:: Problem description ::
Retype, exactly as written, every line from the one containing "Chiikawa - Mini Clasp Pouch G" through the last line of the records below, both included; skip the pictures.

═══ Exercise data

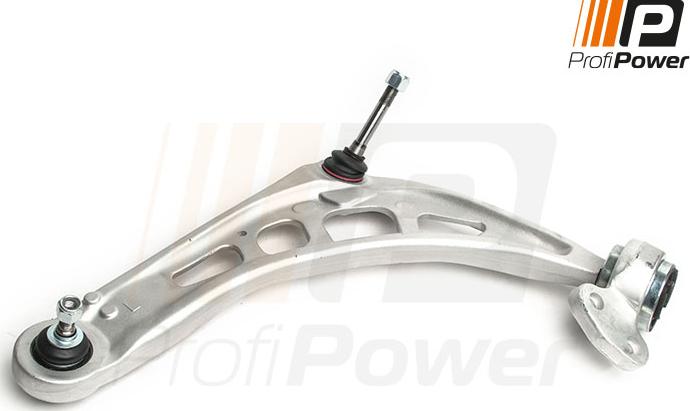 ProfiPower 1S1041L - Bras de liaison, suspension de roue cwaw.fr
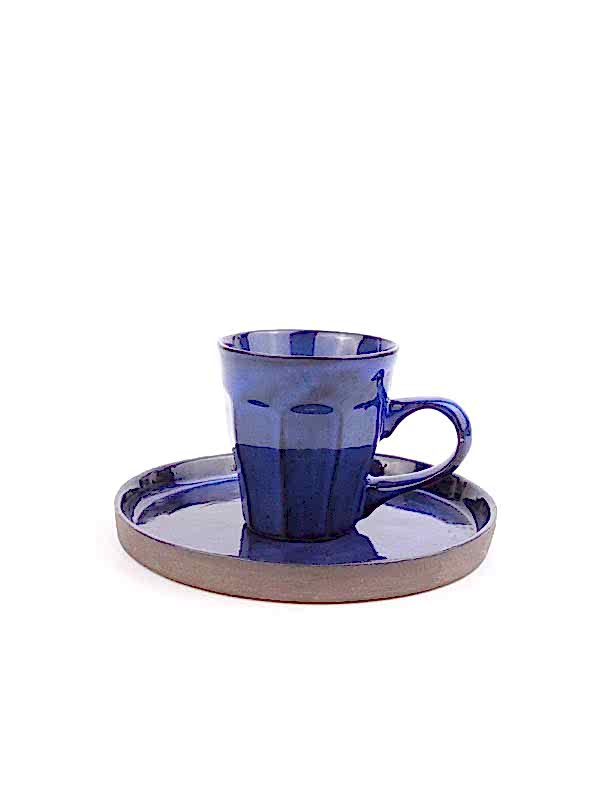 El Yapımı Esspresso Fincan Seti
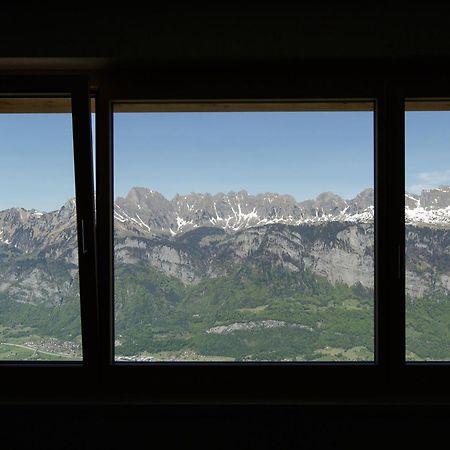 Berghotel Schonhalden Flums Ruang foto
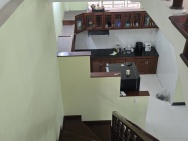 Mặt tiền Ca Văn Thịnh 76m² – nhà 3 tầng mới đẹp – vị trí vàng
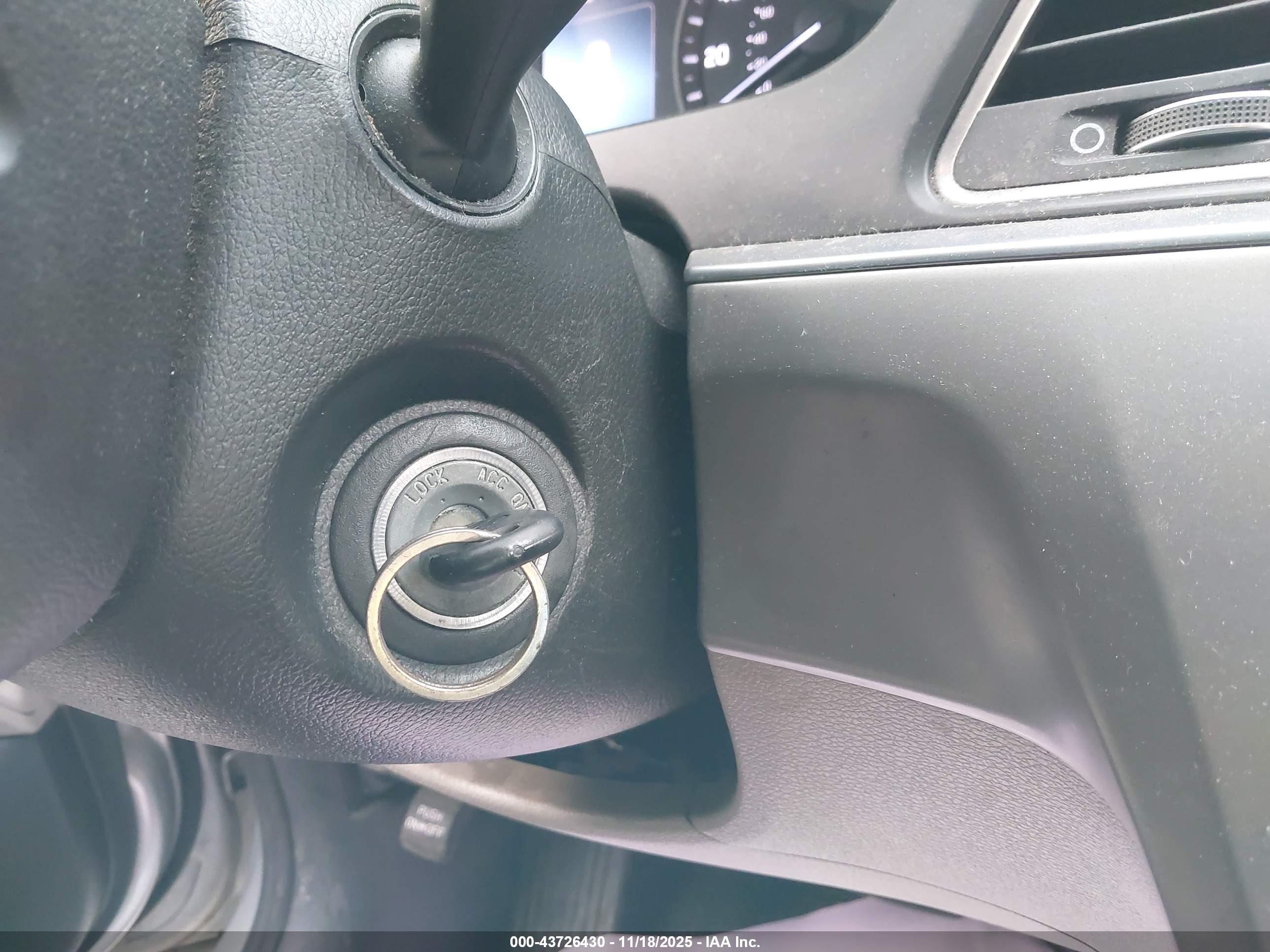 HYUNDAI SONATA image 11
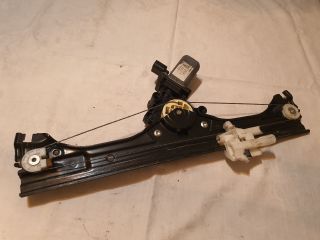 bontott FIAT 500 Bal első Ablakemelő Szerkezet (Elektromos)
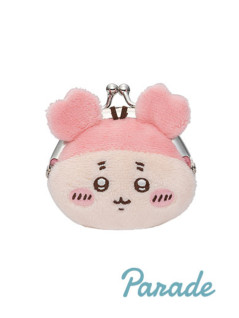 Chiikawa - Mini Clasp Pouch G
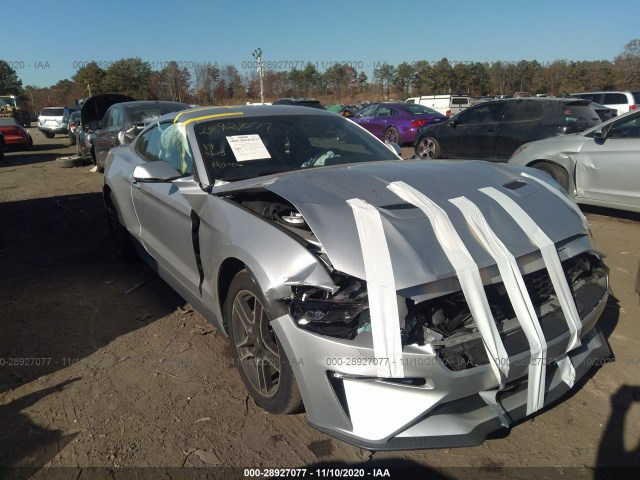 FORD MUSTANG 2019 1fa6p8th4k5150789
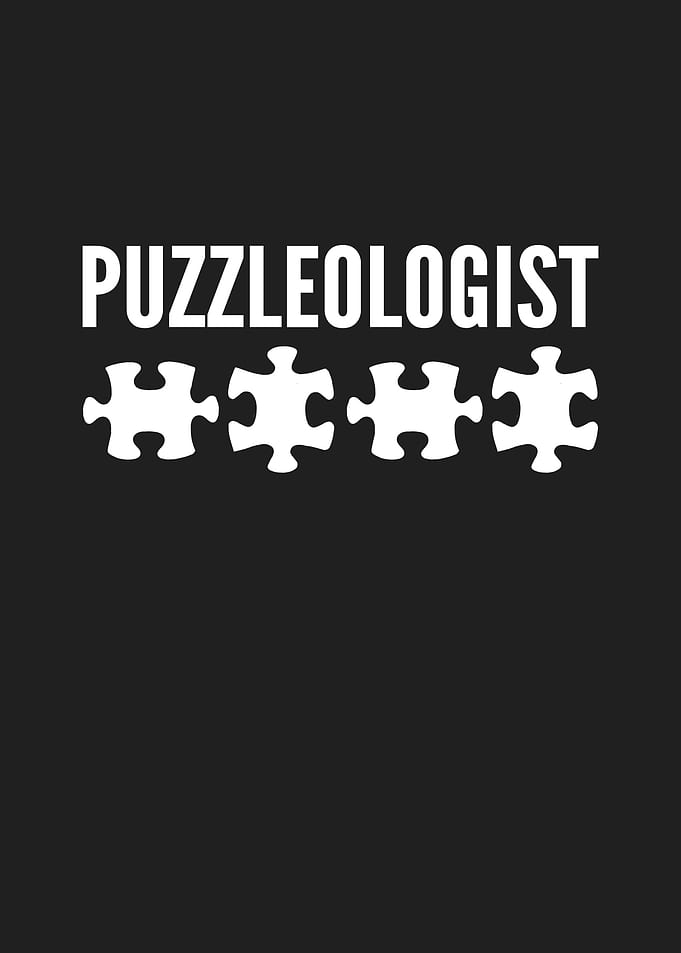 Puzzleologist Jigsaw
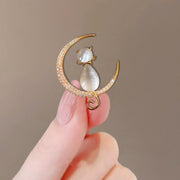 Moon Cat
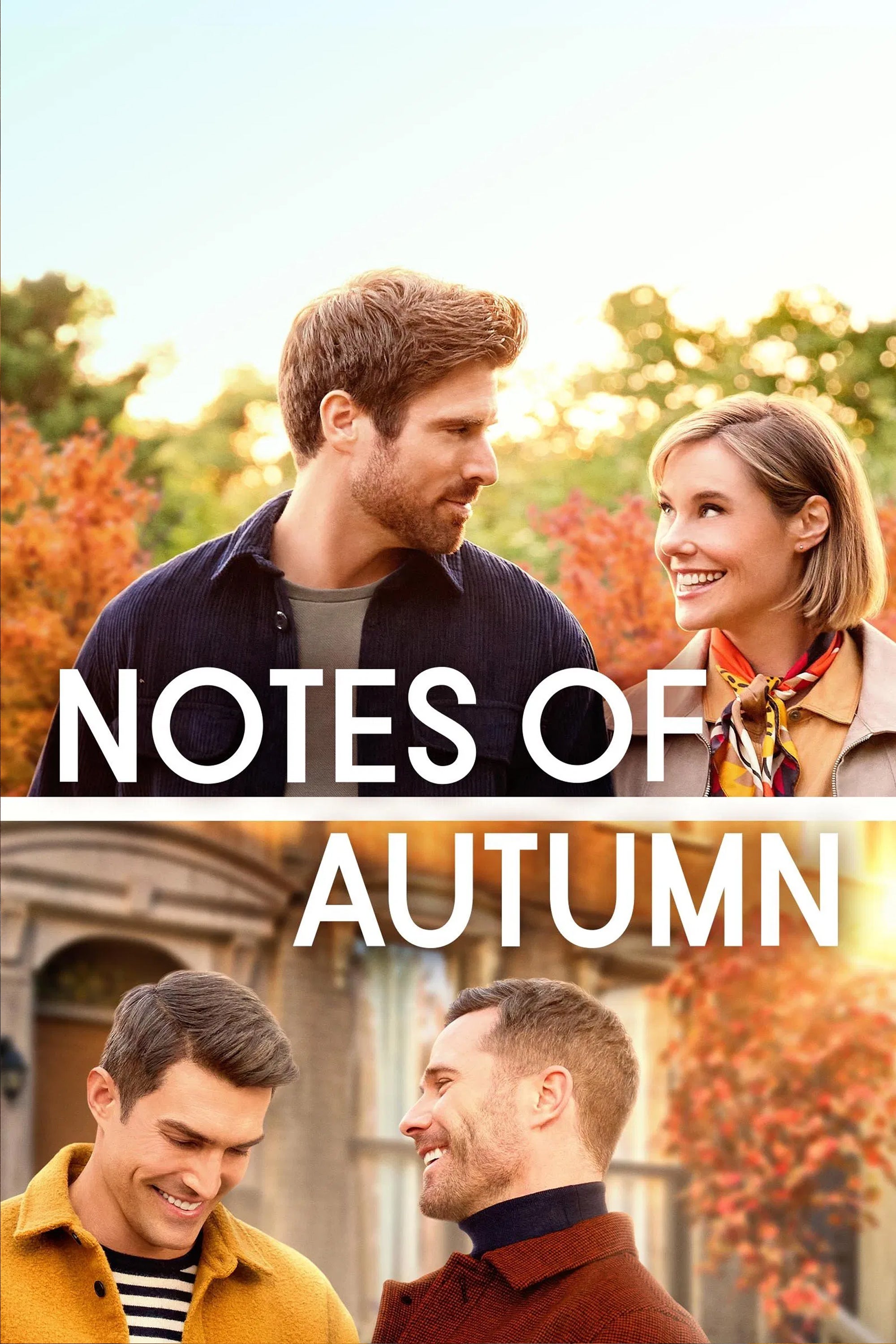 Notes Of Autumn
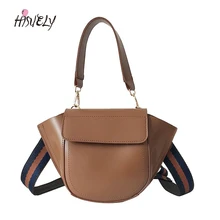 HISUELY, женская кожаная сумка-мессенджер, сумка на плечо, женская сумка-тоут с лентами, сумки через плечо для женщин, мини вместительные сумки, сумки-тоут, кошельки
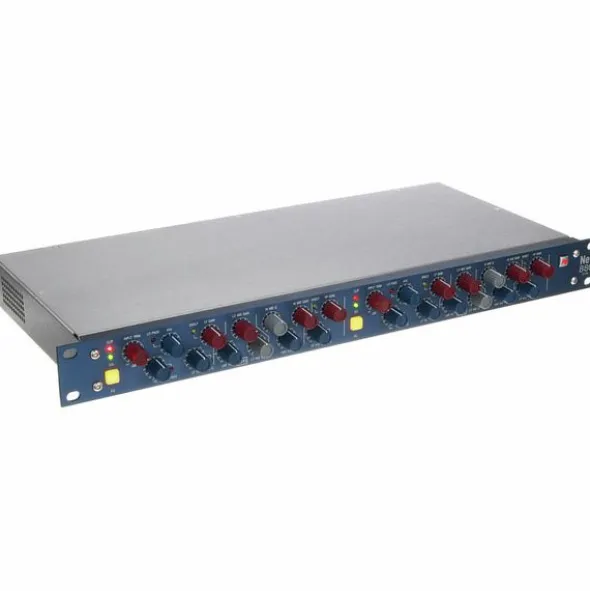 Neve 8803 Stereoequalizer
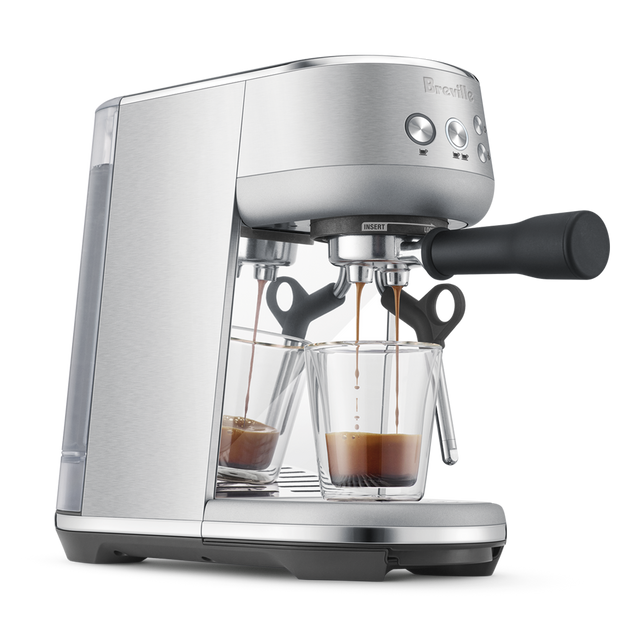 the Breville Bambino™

══════

:: Task output ::
 Chiikawa - Mini Clasp Pouch G
 FORD MUSTANG 2019 1fa6p8th4k5150789
 Puzzleologist Jigsaw
 Moon Cat
 Notes Of Autumn
 HISUELY, женская кожаная сумка-мессенджер, сумка на плечо, женская сумка-тоут с лентами, сумки через плечо для женщин, мини вместительные сумки, сумки-тоут, кошельки
 Neve 8803 Stereoequalizer
 the Breville Bambino™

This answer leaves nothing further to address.